::: SOURCE RECORDS
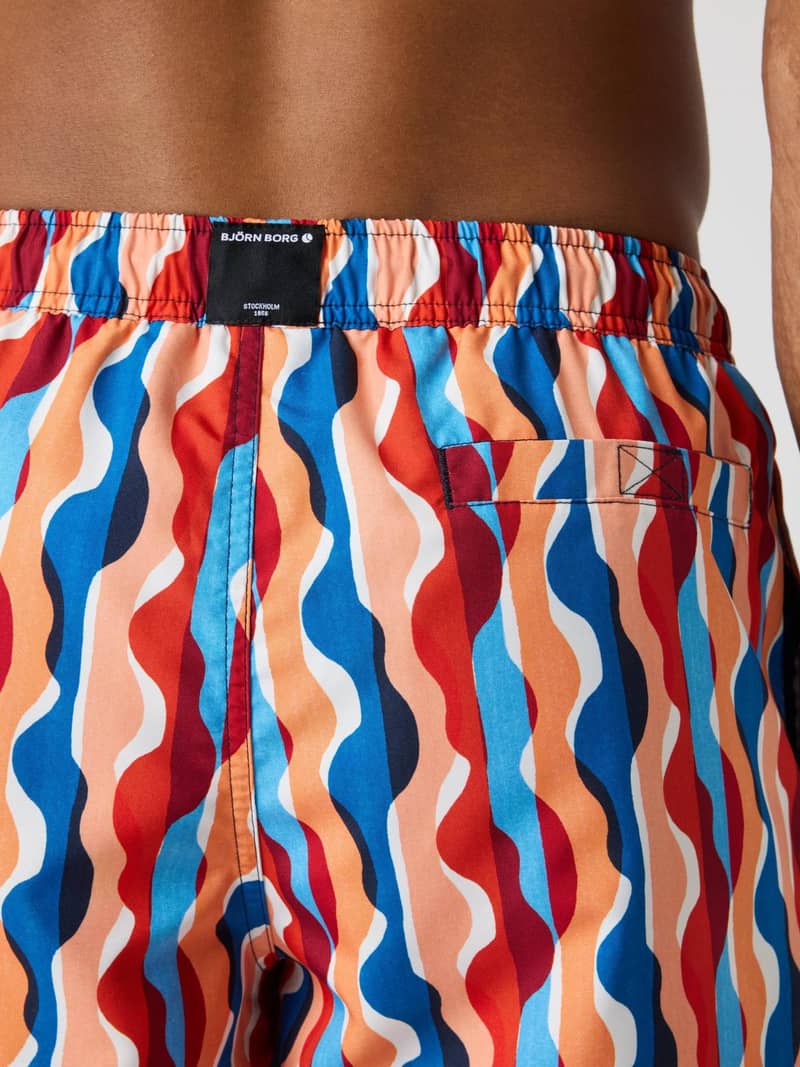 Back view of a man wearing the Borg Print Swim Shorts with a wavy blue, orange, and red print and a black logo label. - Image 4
::::::
::: SOURCE RECORDS
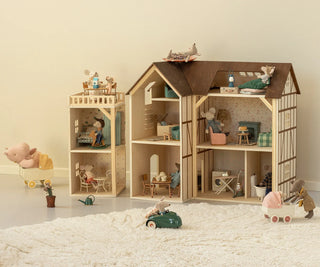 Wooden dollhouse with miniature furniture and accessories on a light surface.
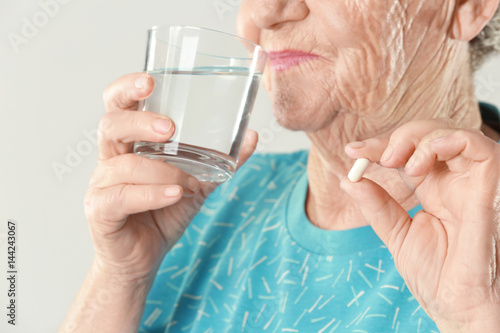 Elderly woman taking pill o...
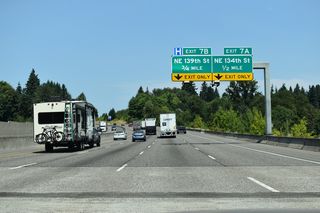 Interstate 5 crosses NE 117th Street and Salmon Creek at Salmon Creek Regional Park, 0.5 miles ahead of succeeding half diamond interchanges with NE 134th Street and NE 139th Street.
::::::
Every line above from the one with "Elderly woman taking pill o..." down to the one with "Interstate 5 crosses" must be written out exactly, and no picture may appear.

RESULT ▸
 Elderly woman taking pill o...
 Interstate 5 crosses NE 117th Street and Salmon Creek at Salmon Creek Regional Park, 0.5 miles ahead of succeeding half diamond interchanges with NE 134th Street and NE 139th Street.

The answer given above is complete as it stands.